O som do vibrafone de Valverde será conduzido pelo tempo do paulistano e percussionista Jonathas Elias Gabriel, 45, conhecido como Samba Ossale, que conta com 29 anos de carreira. Durante a live, Samba Ossale irá utilizar dois atabaques para expressar seu talento na arte de amealhar os sons.

Leia, a seguir, a entrevista concedida com exclusividade ao blog por Ricardo Valverde.

Tata Samba Ossale, percussionista que participa da live acompanhando Tata Inberekwe ( Fotomontagem: Carlos Bozzo Junior/Folhapress)

Na hierarquia do candomblé de angola, que lugares vocês ocupam e quais são os nomes sagrados que vocês receberam quando foram iniciados nessa religião?

Eu, Ricardo Valverde, sou Tata Inberekwe, e o Jonathas Gabriel, Tata Samba Ossale. Somos dois Tata Kambandos, posto dado pelo “inkise” [divindade] dentro do candomblé angola, respectivamente dos “nzo” [Casa de Santo] Kyloatala [Casa de Cultura Afro-brasileira de Nação Angola] e Redandá [Templo de Cultura Bantu].

O que significam essas denominações e quais funções são atribuídas a elas?

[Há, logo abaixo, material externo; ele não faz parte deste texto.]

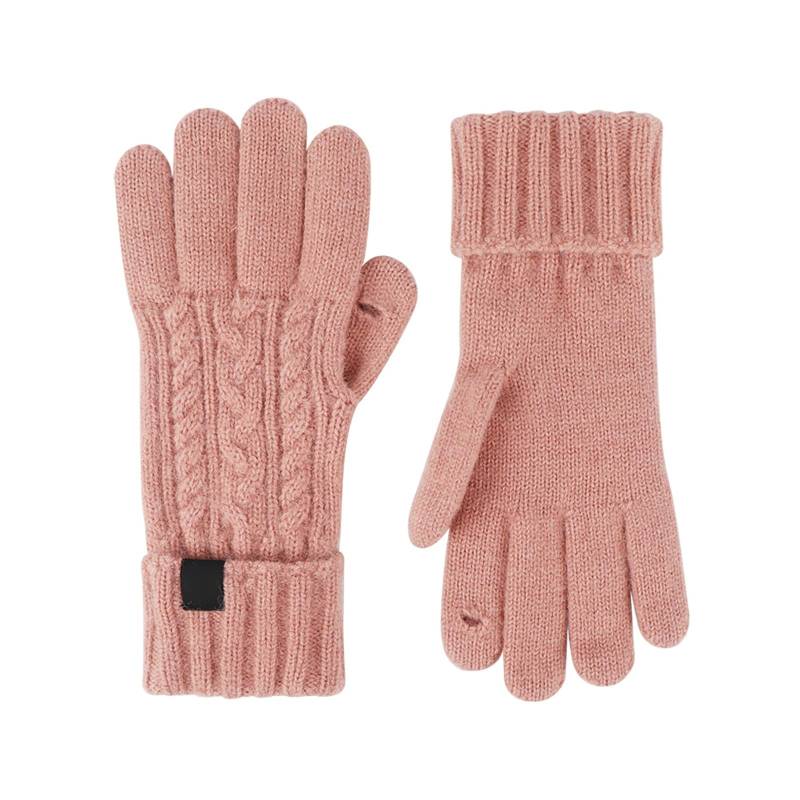 IQYU Armstulpen Schwarz Weiß für Damen, kaltes Wetter, Winterhandschuhe, Damen, warme Strickhandschuhe Braut Accessoires Winter (Pink, A) von IQYU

“Tata” equivale à palavra “pai”, que tem uma hierarquia elevada no candomblé angola e dentro do “nzo” [Casa de Santo], além de ser responsável por várias funções. Entre elas, a de tocar os “ngomas” [atabaques], zelar pela harmonia e proteção da casa, construir e reformar as dependências do terreiro e zelar pelos animais, além de várias outras funções. “Tata Kambando”, como é conhecido em Bantu, é o posto similar ao de Ogã, nas casas de tradição yorubanas. Tata Inberekwe é Tata Xikaringoma, similar ao Alabê, na tradição yorubana do “inkise” Mutala, da Casa Kyloatala. Já Tata Samba Ossale é Tata Xikaringoma de Gongobila, na Casa Redandá, ou seja, é quem canta as “zuelas” [cantigas] para essas entidades.

Como será essa live?

Vou tocar vibrafone enquanto Samba Ossale tocará dois atabaques para mostrarmos as músicas do meu CD “Xirê de Vibrafone”, lançado no ano passado [No Brasil, o disco foi lançado no formato digital e, no Japão, o CD físico foi prensado pela gravadora Disc Union]. Faremos também três músicas autorais inéditas, compostas no período da quarentena. Caso alguém esteja interessado em saber algo sobre nossa religião, também colocaremos à disposição nossa vivência, experiência e devoção para esclarecermos quaisquer dúvidas que estejam ao nosso alcance.

Quais os nomes dessas novas composições e como você descreve cada uma delas?

“Katendê” é uma composição minha feita em um ritmo chamado de congo de ouro, para saldar esse “inkise” [divindade], responsável pelas energias das folhas. Acredito que num momento como esse o “inkise” é de fundamental importância, pois sua energia também está relacionada à energia da cura. A composição tenta narrar um momento, que pode ser descrito como se você estivesse entrando na mata, em busca das folhas sagradas. Sem folhas não existe nenhum rito no candomblé. “Arrebate” é um tema composto em ritmo de arrebate, um toque que se usa no começo da “kizomba” [festa] para entrar no barracão. Também é usado para outras funções dentro da “nzo” [casa de santo]. E a outra composição nova é “Angorô”, um tema composto em ritmo de barravento, em compasso de seis por oito, que fiz em homenagem ao “inkise” [divindade] Angorô que é a fonte de energia e liberdade, simbolizado pela cobra e pelo arco-íris. Fui inspirado para compor esse tema durante um passeio que fiz dentro da mata. Atualmente, com o isolamento, a nossa mente não vê a hora de estarmos em liberdade, juntos novamente com a energia da natureza.

O que as pessoas tem que ter em mente ao assistirem essa live?

Devem estar com a mente aberta para poderem interagir com o som do vibrafone e do atabaque, além de pensarem de maneira positiva e curtirem o sábado à tarde, com uma música instrumental baseada nos ritmos do candomblé de tradição de matrizes afro-brasileiras. Digo isso, pois as composições foram em homenagem aos “inkises” e orixás e eles representam as energias da natureza que são o vento, o fogo, a água e a terra. Será muito bom se as pessoas conseguirem se conectar a isso. Durante a live, quem se sentir confortável pode interagir com perguntas sobre o vibrafone, as músicas, os ritmos, ou qualquer assunto incluindo religião. Afinal, interação é, talvez, o ponto mais forte das lives, já que os ouvintes não poderiam fazer isso num teatro.